*What is needed*. Your reply must contain the full listing below, reproduced exactly, but no pictures.

*Data block*.
════════

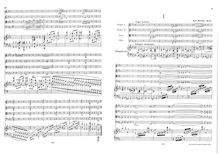 Partition complète et parties, Piano quintette No.2, Op.17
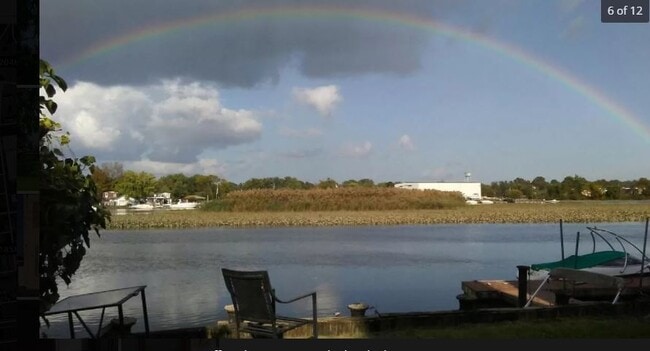 Patio interior - 53 Edgewater ave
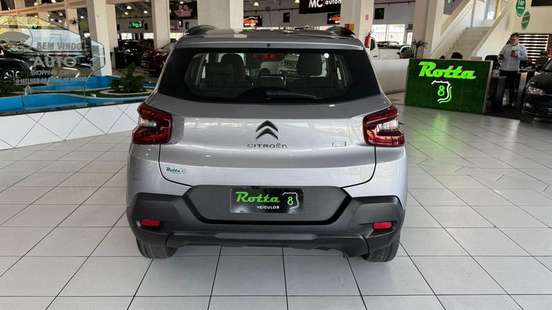 CITROËN-C3-1.6 16V FLEX FEEL PACK AT6 CITROËN-C3-2023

════════

*Exercise response*.
 Partition complète et parties, Piano quintette No.2, Op.17
 Patio interior - 53 Edgewater ave
 CITROËN-C3-1.6 16V FLEX FEEL PACK AT6 CITROËN-C3-2023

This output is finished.